There was no strategic plan in place to identify and meet the needs of this particularly vulnerable group of children and families. Inspectors found there was no effective mechanism to gather data about these children and there was no process to identify risks to them ... The Child and Family Agency did not collect data on the different ethnic groups referred to their services and ethnicity was not regularly recorded in children’s files. As a result, all of the areas struggled to provide the information requested by the Authority about referrals of children in direct provision accommodation. There was no analysis of emerging trends about referrals or the results of initial assessments in spite of the higher than average rate of referrals ... As a result it was not possible for managers to carry out a needs analysis [that was essential].
The report goes on in significant detail over 30 pages. It goes through all the different issues. As I live in and represent the area of Louth and east Meath, I am concerned to note that Tusla clearly failed in its duty of care to these children. It is not just the children who were failed. The HIQA report states that in the Louth-Meath area, Tusla met just one of the 27 parameters of assessment that child welfare services are required to meet.
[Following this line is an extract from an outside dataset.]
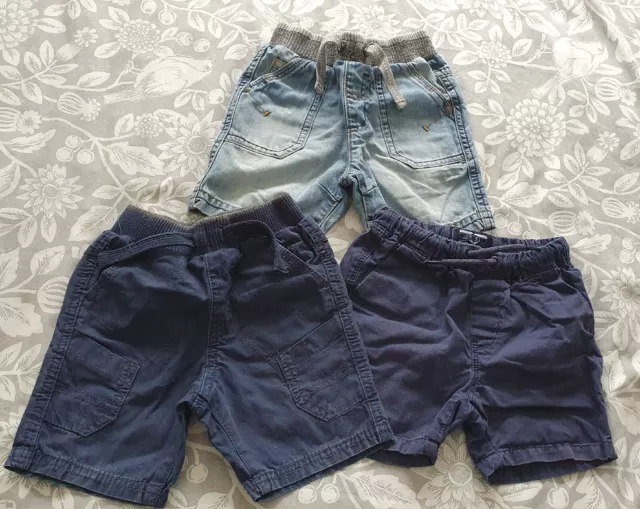 3 X Boys Shorts Age 18-24 Months Next & George Denim Navy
I met the chief executive and the chief operations officer of Tusla. Since then, I have met a number of people who work in the agency. I acknowledge their acknowledgement of the errors that were made and the failure to provide the supports that should have been there. I acknowledge their response in the action plan, particularly as it relates to children who are in direct provision, which was published on the HIQA website on 26 May last.
I welcome all the significant changes being made by Tusla. We have to ensure it has the support, resources, qualified people and social workers to provide the services that are needed. I do not doubt that Tusla wants to provide such services and that, as an Oireachtas, we want it to do so. We want to ensure all our children are treated equally, regardless of whether they are in Louth and Meath, Cavan and Monaghan or Cork and Kerry. They are all entitled to the same professional supports, standards of care and resources. If financial resources are needed to ensure all our children are kept safe, that must be addressed immediately. I refer specifically today to the children who are in need and at risk in direct provision, as a greater proportion of them are at risk by comparison with the community outside direct provision.
This is a very important Bill. I do not think there is any controversy about the principle of having a one-stop-shop to deal with applications and put them through as quickly as possible. Many people from direct provision have come into my office with their children, who are not children anymore because they are going to university now. I welcome the Government's recent decision to support such students by giving them the same status as Irish-born students. This means they will not have to pay the huge fees that are paid by students from outside the EU. A great deal of progress has been made. The Government is recognising in this legislation that things need to change. They are changing.
Behind all of this are children who are vulnerable and there are more such children than in the average community so we need greater support services to look after them. I look forward to the debate on Committee Stage.